(Beginning of THE RECORDS)

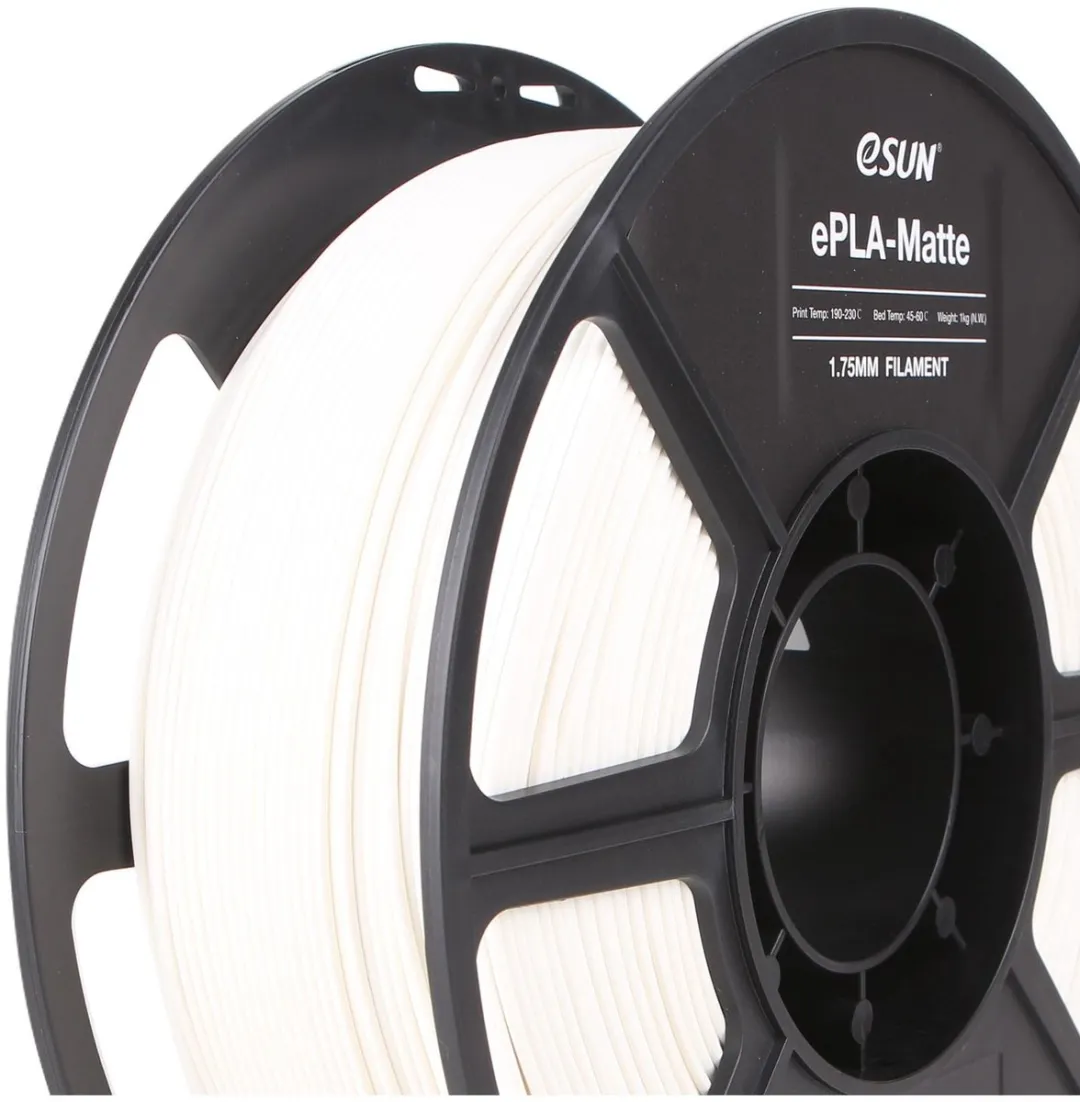 ESUN ePLA-Matte Melkwit 3D Printerfilament 1kg - 1.75mm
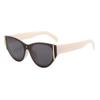 Gafas de Sol de Ojo de Gato de Marco Grande a la Moda y de Alta Gama con Diseños, Adecuadas para Estilos Europeos y Americanos, Aspecto Natural, Conducir, Viajes Diarios al Aire Libre, Gafas Versátiles para Fotografía Callejera
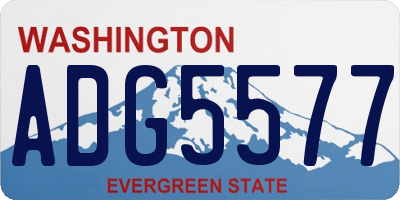 WA license plate ADG5577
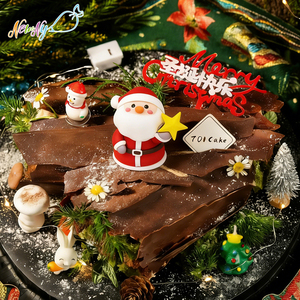 พร้อมส่ง มีสินค้าในสต็อก ปลอดสารพิษ ปลอดภัยสำหรับอาหาร ทำด้วยมือ ตกแต่งเค้กและขนมหวานสำหรับคริสต์มาส น้ำตาลตกแต่งแบบ 3 มิติ - Product Image 1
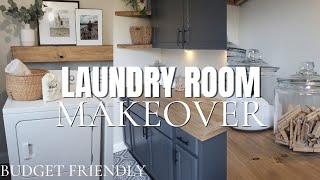 Extreme Laundry room makeover on a budget  DIY Makeover  Massive Transformation start to finish [upl. by Shalom]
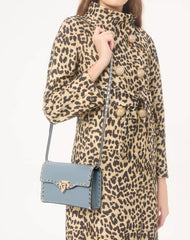 Small Rockstud Grainy Calfskin Crossbody Bag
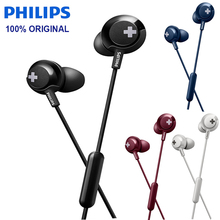 Philips she4305 fone de ouvido interno de 3.5mm, fone de ouvido com cancelamento de ruído estéreo baixo estéreo para teste oficial da xiaomi 2024 - compre barato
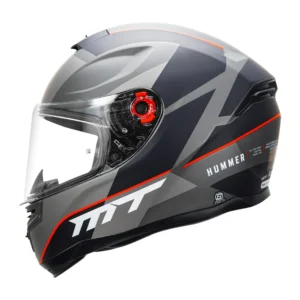 MT Hummer AXN Helmet (Matt Fluro Red )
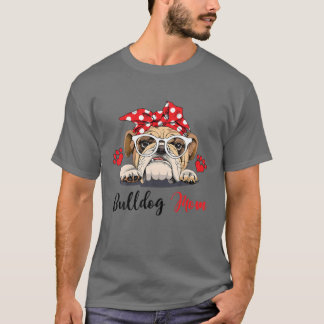 Camiseta Buldogue Mãe Engraçado Amantes Buldogue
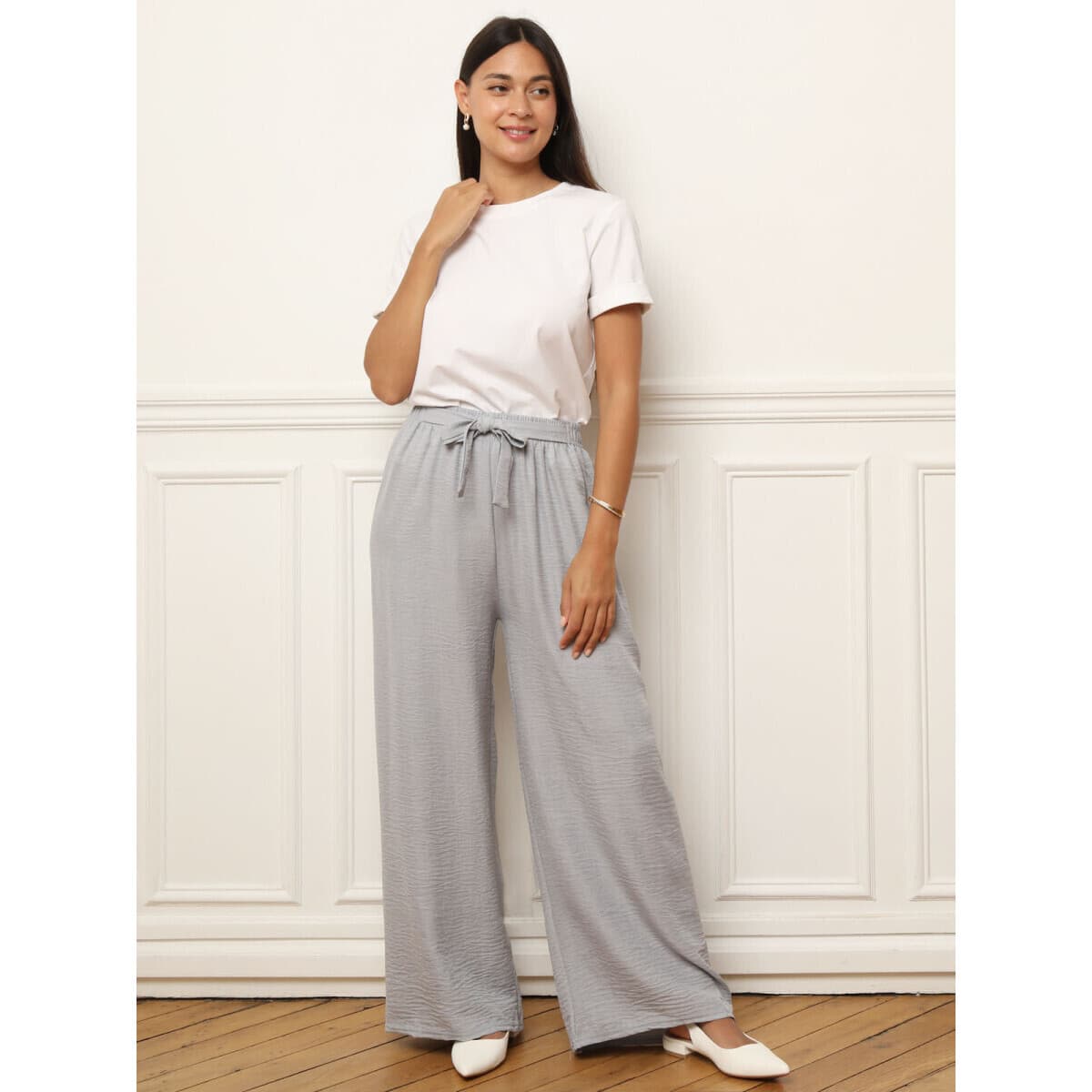 Women's Pants La Modeuse Gray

(End of THE RECORDS)

**PROBLEM DESCRIPTION**. Give again, word for word, the lines above from the one with "MT Hummer AXN Helmet (Matt Fluro Red )" through the final line of the data, both ends included. Do not copy any picture.

**RESULT OF THE EXERCISE**.
 MT Hummer AXN Helmet (Matt Fluro Red )
 Camiseta Buldogue Mãe Engraçado Amantes Buldogue
 Women's Pants La Modeuse Gray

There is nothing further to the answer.